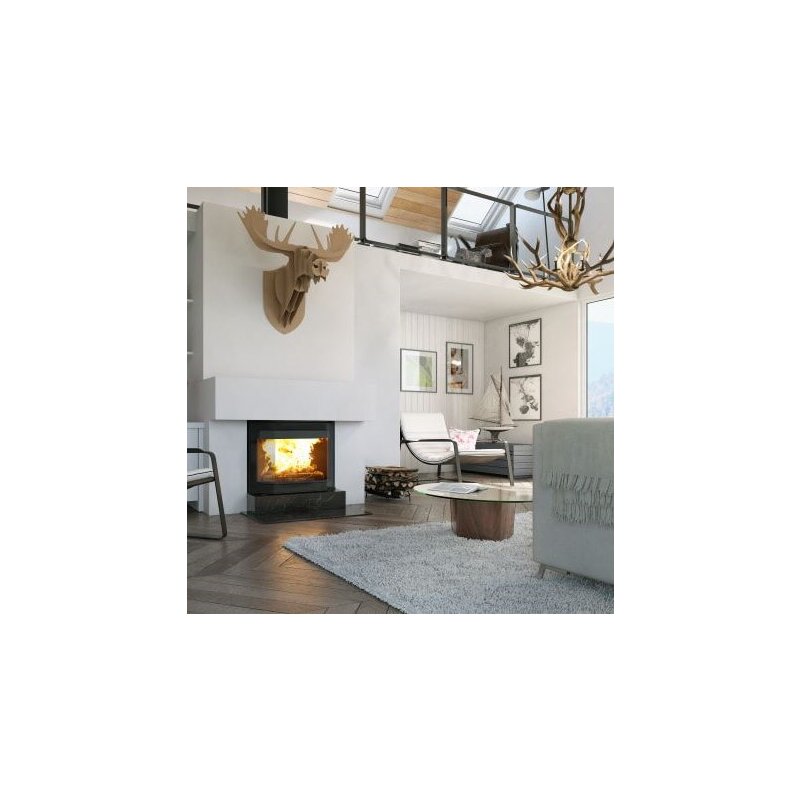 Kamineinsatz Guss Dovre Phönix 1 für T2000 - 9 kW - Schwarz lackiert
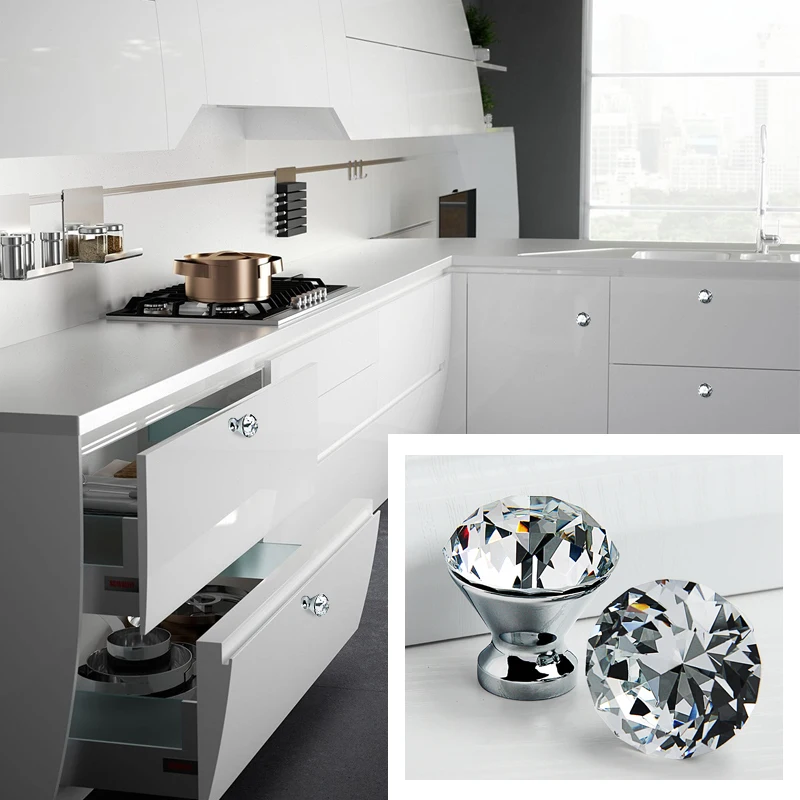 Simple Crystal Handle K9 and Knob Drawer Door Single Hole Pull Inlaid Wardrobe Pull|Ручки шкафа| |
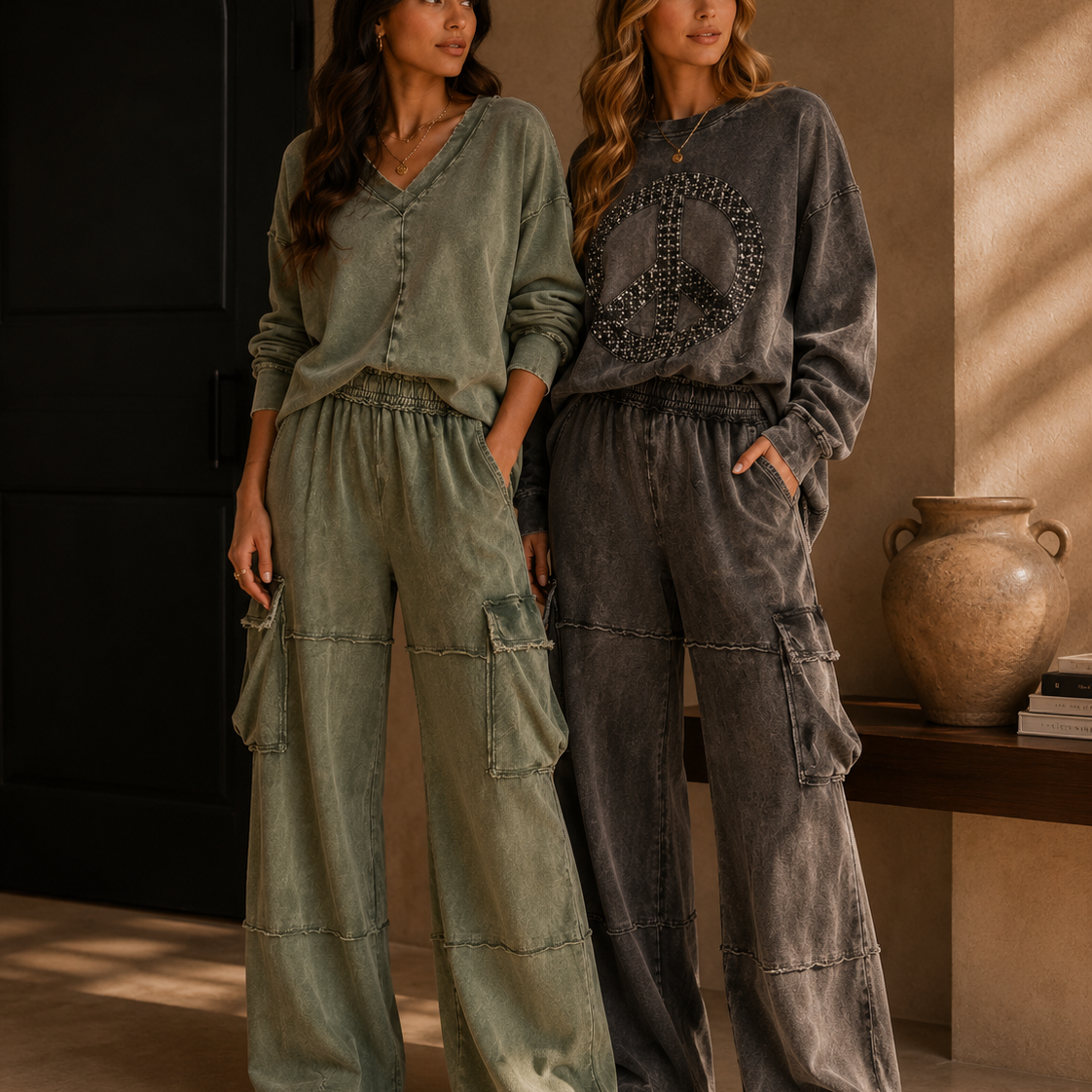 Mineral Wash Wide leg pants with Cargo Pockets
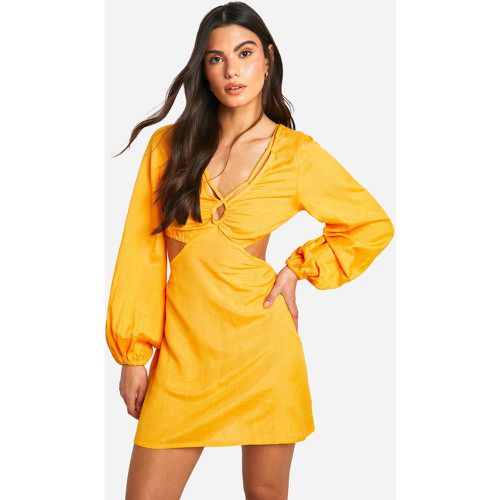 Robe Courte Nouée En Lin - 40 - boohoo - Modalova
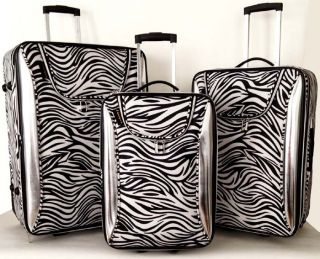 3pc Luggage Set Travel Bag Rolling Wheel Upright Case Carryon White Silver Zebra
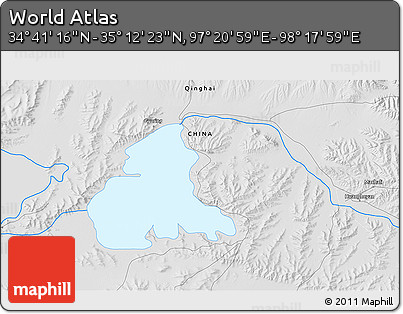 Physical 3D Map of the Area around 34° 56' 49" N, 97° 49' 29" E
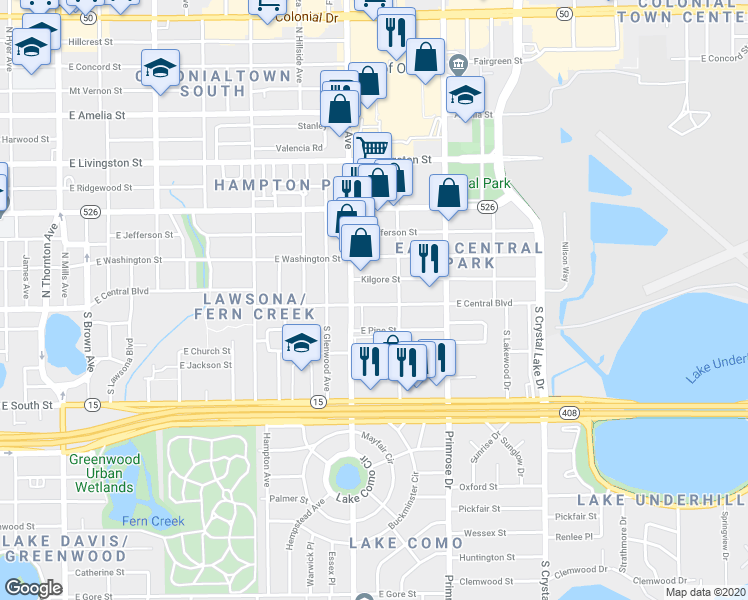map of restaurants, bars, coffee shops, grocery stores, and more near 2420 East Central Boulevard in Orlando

================

(REQUIRED WORK) Using the data above, give again exactly the lines starting at the one holding "Simple Crystal Handle" and ending at the one holding "Physical 3D Map", inclusive, and nothing more. Omit the pictures.

(EXERCISE RESULT)
 Simple Crystal Handle K9 and Knob Drawer Door Single Hole Pull Inlaid Wardrobe Pull|Ручки шкафа| |
 Mineral Wash Wide leg pants with Cargo Pockets
 Robe Courte Nouée En Lin - 40 - boohoo - Modalova
 3pc Luggage Set Travel Bag Rolling Wheel Upright Case Carryon White Silver Zebra
 Physical 3D Map of the Area around 34° 56' 49" N, 97° 49' 29" E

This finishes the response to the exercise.